Tips For Treating Kids

A sick child can be frustrating, but by using these tips you can help get your little one back to their healthy self.

Care With OTC Drugs

Although the U.S. Food and Drug Administration (FDA) lifted its ban on children’s over-the-counter (OTC) cold medicines, it advises parents to take extreme caution when considering their use. In general, the FDA recommends avoiding OTC for children under the age of six. For younger children, the FDA recommends no OTC meds at all, advice that is supported by the American Academy of Pediatrics.  

A 2007 FDA report found 123 child deaths attributed to OTC decongestants and antihistamines since 1969, mostly children under two. Most pediatricians currently recommend other cold and flu remedies instead of OTC medications, fearing possible side effects like hyperactivity and heart palpitations. Another concern is that OTC cold and flu medications may worsen asthma symptoms.

The American medical journal Pediatrics reports that more than 50 percent of adults misinterpret the child dosing instructions on OTC medications, so parents should be vigilant in using OTC medications on children.   

Dr. Frank Esper, a pediatrician and infectious disease expert at Rainbow Babies and Children’s Infirmary in Cleveland, said all children under age two should see a pediatrician for any sickness, including the common cold. 

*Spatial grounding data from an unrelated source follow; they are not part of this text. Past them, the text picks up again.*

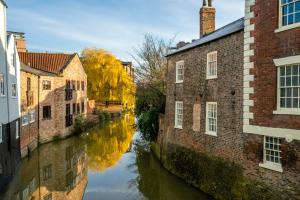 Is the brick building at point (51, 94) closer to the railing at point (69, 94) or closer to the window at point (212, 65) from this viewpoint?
the railing at point (69, 94)

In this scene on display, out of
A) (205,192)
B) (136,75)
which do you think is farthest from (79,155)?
(205,192)

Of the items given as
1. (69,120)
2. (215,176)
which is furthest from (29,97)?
(215,176)

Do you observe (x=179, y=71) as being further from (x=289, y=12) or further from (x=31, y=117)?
(x=31, y=117)

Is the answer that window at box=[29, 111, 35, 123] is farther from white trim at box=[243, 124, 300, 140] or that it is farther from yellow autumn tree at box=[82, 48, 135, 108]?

“Parents should reach out to their pediatricians, even for minor problems,” he said. “In cases of cold and flu, I ask parents to call if their children have high fevers, are wheezing, or if their symptoms are worsening. Any breathing trouble is a concern.” 

For older children, parents should contact pediatricians if their child has a fever of 103?F or greater. That could be a sign that he or she needs an antibiotic to treat a bacterial infection. Generally speaking, a child’s cold symptoms should improve in about one week. If fever presents with a rash or any neurological symptoms, however, see a doctor immediately.

Safe and Effective Alternatives

Fortunately, parents have plenty of other options to comfort a sick child.

Dr. Esper advises keeping children at home until a fever subsides.

“Generally, the first days of illness are the worst. That is when the germ load is highest, thus the highest rate of transmission,” he said. “If there was no fever to begin with, as is often the case with vomiting and/or diarrhea, then keep children at home until symptoms substantially improve.”


To relieve fever in babies younger than six months, use low-dose acetaminophen, such as Tylenol or other brands. 

Older children may be given acetaminophen or ibuprofen, such as Advil. A child should never be given aspirin as its use has been associated with a rare condition called Reye’s syndrome.

It’s also extremely important for children with fevers to stay well hydrated. If they won’t drink water or other clear liquids, try popsicles and/or Pedialyte. Warm soups and clear broths are also great choices.  

Nasal and Chest Congestion

General cold symptoms like nasal or chest congestion should be monitored closely. 

A cool-mist humidifier in the child’s bedroom may help labored breathing. Follow the manufacturer’s directions and clean and/or replace the water daily to avoid mold, which can aggravate symptoms. Likewise, saline nose drops are useful to relieve nasal inflammation.

A suction bulb is a safe and effective way of removing mucus from the nostrils of a baby. Fussy babies and even older children often benefit from warm baths, as the steam brings at least temporary relief to clogged nasal passages. 

Older children may feel slight improvement and sleep better after a topical vapor rub is applied to their chests.

A steaming bowl of chicken soup can also help relieve congestion. It’s also known to help the body’s white blood cells combat infection.        


A chronic cough can worry parents easily, but it is usually caused by post-nasal drip, or mucus draining from the nasal cavity into the back of the throat.

Keep an eye on your child’s mucus, since doctors will ask you about its frequency and color. (Yellow-tinged or otherwise discolored mucus is often a sign of infection.)  

For children older than one year, administering a half to a full teaspoon of honey at bedtime may also help. Ordinary cough drops are useful for children four years or older. 

Warm tea with honey and even warm lemonade or lemon-infused water can deliver much-needed hydration as well as vitamin C.

Older children may also benefit from gargling salt water for stubborn sore throat pain.     

Preventative Care

Dr. Esper advises parents to remember the importance of good hygiene.

“Frequent hand washing, either with soap and water or alcohol-based sanitizers, is among the best ways to avoid getting sick and spreading illness,” he said. “Germs on your hands infect when touching the eyes, nose, or mouth, so the best time to wash your hands is before eating, preparing food, placing contact lenses, or other similar tasks. Washing your hands after any event that places germs onto your hands, such as sneezing, using the bathroom, working outdoors, or coming into contact with animals is also advisable.”

The following list contains additional tips to improve a child’s good health:

  • provide a diet that provides nutrition from food, not vitamin supplements
  • get adequate sleep and don’t over-schedule your child
  • maintain a healthy weight
  • get regular exercise to boost the immune system   
  • children six months of age or older should get a flu vaccine     

If you feel that you must resort to OTC meds, use caution and consult with your child’s pediatrician about dosing instructions.